Let $f_n$ and $f$ be a real valued functions defined on a set $E$. If $f_n\to f$ pointwise on $E$ and there is a real-valued sequence $a_n$ such that $a_n\to 0$ and $|f_n(x)-f(x)|\le a_n \ \forall x \in E$. Show that $f_n\to f$ uniformly. I would like to know if my proof holds, please. I also have a question on the statement in the end. Thank you in advance for help!
First, as $f_n\to f$ pointwise, then we have $\forall x \in E:\forall \epsilon>0 \ \exists N \ \forall n>N:$ $|f_n(x)-f(x)|<\epsilon$.

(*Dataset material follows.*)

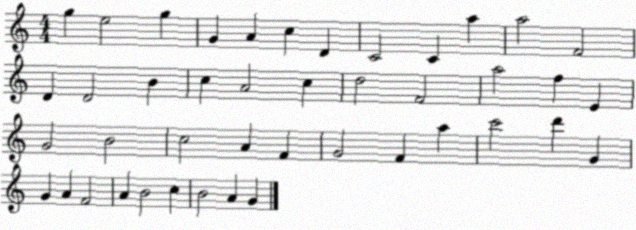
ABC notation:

Then, as $a_n\to 0$ as $n\to\infty$, we have: $\forall \epsilon>0 \ \exists N' \ \forall n\ge N':$ $|a_n|<\epsilon$
Moreover, $|f_n(x)-f(x)|\le a_n \ \forall x \in E$. So, $\forall \epsilon>0 \ \forall n\ge n_0:=\max(N,N') \ \forall x:$ $|f_n(x)-f(x)|\le|a_n|<\epsilon$. So, $f_n\to f$ uniformly.
I'm not sure that I have to use $\max(N,N')$. I think that using only $N'$ the inequality might work, as the pointwise convergence is needed here to ensure simply that the limit of $f_n$ exists and as $f_n$ is bounded by $a_n$ independently of $n$. Is it correct?
You don't need the pointwise convergence hypothesis. The second hypothesis alone implies uniform convergence.
To see it, take $\epsilon \gt 0$. As $a_n \to 0$, you can find $N \in \mathbb N$ such that for $n \ge N$ you have $0 \le a_n \le \epsilon$. And then for $n \ge N$ you also have $\vert f_n(x) - f(x) \vert \le a_n \le \epsilon$ for all $x \in E$.